Our conversations, I fear, are already being reshaped by the “new normalcy” of mental illness. People seem less and less inclined to ask the “old” questions about feelings. As future generations come of age, they obviously won’t even have the frame of reference to remember that there was a time, in the not-too-distant-past, before the world of “mental illness” and its psychopharmacological cures, when the remedy to feeling “down” was human relationships. People actually talked about their feelings—and not on-line but face-to-face; they shared stories, and hugged, and the simple but palpable recognition that what is in me is also in you, actually helped. When you don’t even remember anymore that there are other questions that can be asked, what happens then?
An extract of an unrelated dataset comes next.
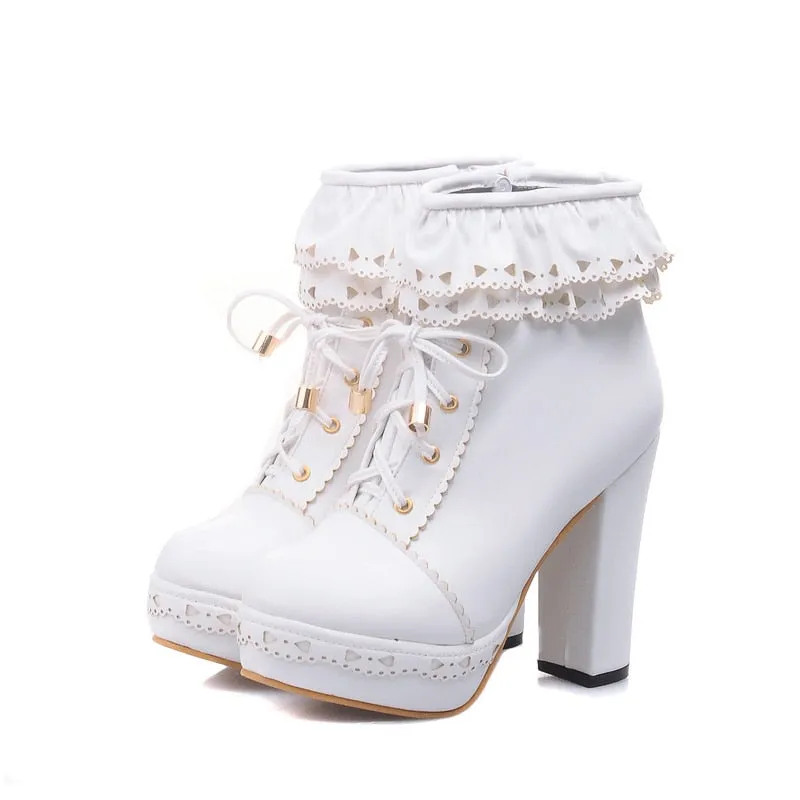 Round Toe Lace Up Ankle Boots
It frightens me to think that it’s all just a matter of being easier to talk about “mental illness” and psychopharmacology, than real human feeling. And not just to talk about feelings, but in between all our texting and emailing, to actually feel them. Perhaps we’ve become a lazy culture, generation upon generation, with talk of this diagnosis or that diagnosis, this drug or that drug—even this side effect or that side effect (and which drug will help with the side effects resulting from the other medications) becoming so much easier and black-and-white, than the murky waters of our complicated emotions.
But being alive is not a black-and-white affair, and neither should it be. Feelings are not Conservative or Liberal, GOP or Democrat. Struggling through emotions is, at least in part, what it means to be alive. Psychopharmacology, I’m convinced, is robbing us of our humanity. Agency has been replaced with the prescription pad.
Meanwhile, I sometimes wonder about all these mass shootings, their alarming increased rate of frequency, the role that this mental health + psychopharmacology paradigm has perhaps played in these killers’ actions. I also do not think there is any accident to our culture’s increased fixation on “torture porn”—graphically violent films that are also often laced with sexual brutality. An industry plagued with controversy over sexual impropriety (to put it mildly) produces fodder to their masses, then stands back bewildered, along with everyone else, when violence erupts. How can a movie like Jigsaw actually earn close to 20 million dollars in just one weekend? I thought recently. How is it possible that this kind of inhumanity is considered “entertainment”? Even the mere idea depresses me. In considering these “torture porns,” I remember the more benign horror movies of my adolescence, like John Carpenter’s Halloween or even Steven Spielberg’s Poltergeist, with mild nostalgia. At the same time, I can also see how the ante has been seriously “upped”—it needs to be upped. There is no end to the well of human misery, and what we no longer feel must always be increased to penetrate our deadening senses. What we will not face, we will project, I keep thinking, as I witness depictions of extreme violence in our media; and I suppose that also means that what we medicate away will sooner or later show up by some other means through our projections on the screens of our lives. We need to see it outside, because we will not look at it within.
Medicating it away—whatever “it” is—does not mean that it has gone away. I fear that this will all get a whole lot worse before it gets better.